Driscoll had been on a leave of absence since August amid charges of anger and unbiblical leadership. Following his resignation, Mars Hill’s Board of Overseers released a statement saying Driscoll had not been asked to resign and that they were “surprised” to receive his resignation.

Bishops’ final report reflects controversy, differences of opinion
After a meeting of Catholic bishops seemed to point to a drastic shift in the Church’s teaching on same-sex lifestyles and relationships, the group’s final report showed the most controversial topics are still unresolved, Catholic News Service reported. The Oct. 13 mid-term report from the Synod of Bishops on the family included a section titled “Welcoming homosexual persons,” and pondered whether Catholic churches could accept and value same-sex lifestyles, “without compromising Catholic doctrine on the family and matrimony.”

That section of the synod’s final report, released Oct. 18, was amended by the bishops, according to CNS, but still failed to receive the super majority usually needed for approval, along with two paragraphs on divorced and remarried Catholics receiving Communion. The Church will hold a world synod on the family in 2015.

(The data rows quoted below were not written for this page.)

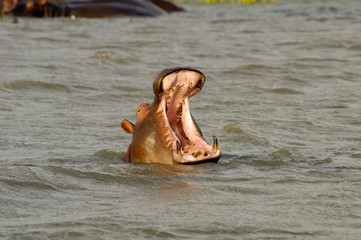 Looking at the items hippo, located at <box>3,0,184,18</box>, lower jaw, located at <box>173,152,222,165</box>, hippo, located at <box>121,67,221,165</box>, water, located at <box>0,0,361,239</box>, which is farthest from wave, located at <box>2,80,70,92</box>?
hippo, located at <box>3,0,184,18</box>

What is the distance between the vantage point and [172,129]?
4.64 m

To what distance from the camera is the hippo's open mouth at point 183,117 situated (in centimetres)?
446

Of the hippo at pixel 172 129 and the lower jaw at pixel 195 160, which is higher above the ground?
the hippo at pixel 172 129

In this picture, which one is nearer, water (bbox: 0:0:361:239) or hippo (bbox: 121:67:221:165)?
water (bbox: 0:0:361:239)

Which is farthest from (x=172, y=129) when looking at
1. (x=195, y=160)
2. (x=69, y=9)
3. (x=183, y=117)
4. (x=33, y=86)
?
(x=69, y=9)

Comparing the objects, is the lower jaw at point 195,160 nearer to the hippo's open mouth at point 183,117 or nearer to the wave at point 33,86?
the hippo's open mouth at point 183,117

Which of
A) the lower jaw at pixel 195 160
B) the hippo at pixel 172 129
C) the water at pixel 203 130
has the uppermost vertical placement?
the hippo at pixel 172 129

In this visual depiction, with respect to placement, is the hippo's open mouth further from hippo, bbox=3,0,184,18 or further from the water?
hippo, bbox=3,0,184,18

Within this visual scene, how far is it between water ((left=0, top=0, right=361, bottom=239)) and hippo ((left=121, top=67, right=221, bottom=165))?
0.09 m

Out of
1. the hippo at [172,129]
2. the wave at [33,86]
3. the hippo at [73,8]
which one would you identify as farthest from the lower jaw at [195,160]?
the hippo at [73,8]

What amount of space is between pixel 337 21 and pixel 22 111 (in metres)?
10.5

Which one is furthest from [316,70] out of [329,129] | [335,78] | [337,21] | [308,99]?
A: [337,21]

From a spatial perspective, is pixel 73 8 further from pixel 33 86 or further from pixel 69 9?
pixel 33 86

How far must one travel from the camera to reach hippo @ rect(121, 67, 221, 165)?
448 cm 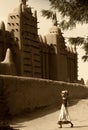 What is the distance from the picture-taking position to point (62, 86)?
Answer: 25094mm

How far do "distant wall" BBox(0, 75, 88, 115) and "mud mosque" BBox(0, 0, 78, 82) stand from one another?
10.5 feet

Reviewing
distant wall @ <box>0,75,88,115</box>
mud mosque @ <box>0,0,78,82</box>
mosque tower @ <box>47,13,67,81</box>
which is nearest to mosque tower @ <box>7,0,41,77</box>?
mud mosque @ <box>0,0,78,82</box>

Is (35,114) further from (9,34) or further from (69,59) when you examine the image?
(69,59)

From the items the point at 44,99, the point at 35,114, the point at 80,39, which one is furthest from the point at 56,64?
the point at 80,39

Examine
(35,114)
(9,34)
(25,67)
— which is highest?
(9,34)

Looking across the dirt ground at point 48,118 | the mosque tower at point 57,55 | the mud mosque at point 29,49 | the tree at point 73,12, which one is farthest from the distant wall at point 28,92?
the mosque tower at point 57,55

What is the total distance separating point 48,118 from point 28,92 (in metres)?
1.96

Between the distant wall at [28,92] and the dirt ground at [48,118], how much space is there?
465 millimetres

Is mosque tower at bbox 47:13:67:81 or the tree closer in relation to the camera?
the tree

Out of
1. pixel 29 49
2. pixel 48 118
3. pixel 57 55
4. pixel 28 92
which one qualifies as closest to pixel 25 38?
pixel 29 49

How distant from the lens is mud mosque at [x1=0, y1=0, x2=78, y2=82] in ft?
96.2

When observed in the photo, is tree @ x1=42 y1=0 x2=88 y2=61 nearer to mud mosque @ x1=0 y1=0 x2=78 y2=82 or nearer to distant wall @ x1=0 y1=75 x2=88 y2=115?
distant wall @ x1=0 y1=75 x2=88 y2=115

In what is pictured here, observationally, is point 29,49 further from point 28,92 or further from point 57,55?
point 28,92

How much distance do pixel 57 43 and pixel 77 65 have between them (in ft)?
21.4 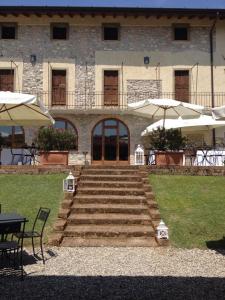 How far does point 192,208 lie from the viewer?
9867 millimetres

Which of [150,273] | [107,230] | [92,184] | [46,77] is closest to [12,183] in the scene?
[92,184]

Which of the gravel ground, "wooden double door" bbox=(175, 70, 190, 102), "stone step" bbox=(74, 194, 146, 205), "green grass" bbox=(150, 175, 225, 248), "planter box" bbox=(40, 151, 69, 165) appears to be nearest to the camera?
the gravel ground

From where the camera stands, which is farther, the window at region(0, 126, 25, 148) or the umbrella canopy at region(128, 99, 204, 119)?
the window at region(0, 126, 25, 148)

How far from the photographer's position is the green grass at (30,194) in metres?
9.44

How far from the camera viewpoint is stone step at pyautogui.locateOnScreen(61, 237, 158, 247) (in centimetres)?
828

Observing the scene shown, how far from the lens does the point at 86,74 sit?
20.2 m

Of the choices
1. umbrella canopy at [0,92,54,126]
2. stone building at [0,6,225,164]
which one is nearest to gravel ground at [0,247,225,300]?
umbrella canopy at [0,92,54,126]

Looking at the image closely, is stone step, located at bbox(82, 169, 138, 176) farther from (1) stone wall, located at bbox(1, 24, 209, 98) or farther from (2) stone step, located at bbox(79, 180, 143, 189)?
(1) stone wall, located at bbox(1, 24, 209, 98)

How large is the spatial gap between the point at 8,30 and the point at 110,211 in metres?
13.8

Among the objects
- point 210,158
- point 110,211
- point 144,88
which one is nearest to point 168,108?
point 210,158

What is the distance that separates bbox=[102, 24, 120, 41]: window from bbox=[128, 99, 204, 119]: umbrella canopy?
5.67m

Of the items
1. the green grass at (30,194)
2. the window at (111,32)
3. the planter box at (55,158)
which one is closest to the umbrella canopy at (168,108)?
the planter box at (55,158)

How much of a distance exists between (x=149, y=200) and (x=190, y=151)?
5.89 m

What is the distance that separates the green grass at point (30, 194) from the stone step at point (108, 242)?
57cm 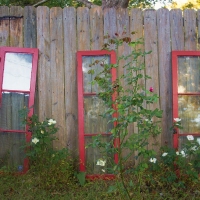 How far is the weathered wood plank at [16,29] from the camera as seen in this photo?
5.34 m

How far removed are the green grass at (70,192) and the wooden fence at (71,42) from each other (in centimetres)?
75

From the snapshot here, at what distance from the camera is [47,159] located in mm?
4734

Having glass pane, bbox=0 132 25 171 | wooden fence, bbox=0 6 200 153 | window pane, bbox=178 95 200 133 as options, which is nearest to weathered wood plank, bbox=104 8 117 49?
wooden fence, bbox=0 6 200 153

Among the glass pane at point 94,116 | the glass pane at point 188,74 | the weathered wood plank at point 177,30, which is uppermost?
the weathered wood plank at point 177,30

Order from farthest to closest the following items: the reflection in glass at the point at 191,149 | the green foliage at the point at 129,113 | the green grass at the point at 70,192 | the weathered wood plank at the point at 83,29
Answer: the weathered wood plank at the point at 83,29 → the reflection in glass at the point at 191,149 → the green grass at the point at 70,192 → the green foliage at the point at 129,113

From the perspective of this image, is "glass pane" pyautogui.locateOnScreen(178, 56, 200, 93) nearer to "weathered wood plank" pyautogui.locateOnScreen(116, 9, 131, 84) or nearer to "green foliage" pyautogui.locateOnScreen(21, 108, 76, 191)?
"weathered wood plank" pyautogui.locateOnScreen(116, 9, 131, 84)

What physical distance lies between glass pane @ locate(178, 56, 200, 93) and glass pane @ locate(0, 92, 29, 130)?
2.27 m

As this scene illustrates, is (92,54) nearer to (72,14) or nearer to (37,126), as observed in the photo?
(72,14)

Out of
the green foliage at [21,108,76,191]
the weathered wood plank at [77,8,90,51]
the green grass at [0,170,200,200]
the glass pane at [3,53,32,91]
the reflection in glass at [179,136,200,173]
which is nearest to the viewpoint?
the green grass at [0,170,200,200]

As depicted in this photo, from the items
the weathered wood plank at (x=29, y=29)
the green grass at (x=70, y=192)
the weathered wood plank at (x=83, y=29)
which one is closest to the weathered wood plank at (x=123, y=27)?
the weathered wood plank at (x=83, y=29)

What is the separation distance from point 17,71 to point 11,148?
3.69 feet

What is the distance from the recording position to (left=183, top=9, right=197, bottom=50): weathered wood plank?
5.44 m

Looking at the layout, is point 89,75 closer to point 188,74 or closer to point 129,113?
point 188,74

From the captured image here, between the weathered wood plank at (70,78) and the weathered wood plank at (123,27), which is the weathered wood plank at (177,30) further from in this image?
the weathered wood plank at (70,78) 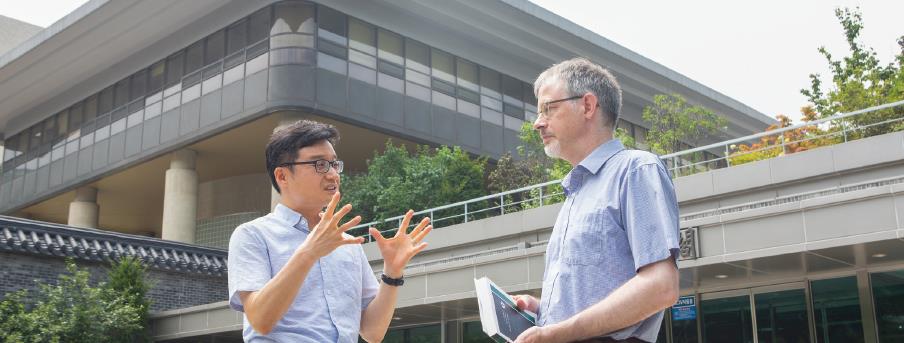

Hillsong pastor addresses same-sex marriage views
Pastor Brian Houston sparked controversy when he didn’t clearly define his church’s stance on same-sex marriage at a press conference last week. Now, the pastor of Hillsong Church is clarifying his views, reported The Christian Post. “Nowhere in my answer did I diminish biblical truth or suggest that I or Hillsong Church supported gay marriage,” Houston said in a statement. “I challenge people to read what I actually said, rather than what was reported that I said. My personal view on the subject of homosexuality would line up with most traditionally held Christian views. I believe the writings of Paul are clear on this subject.”

Meredith Flynn


Meredith is managing editor of the Illinois Baptist newspaper.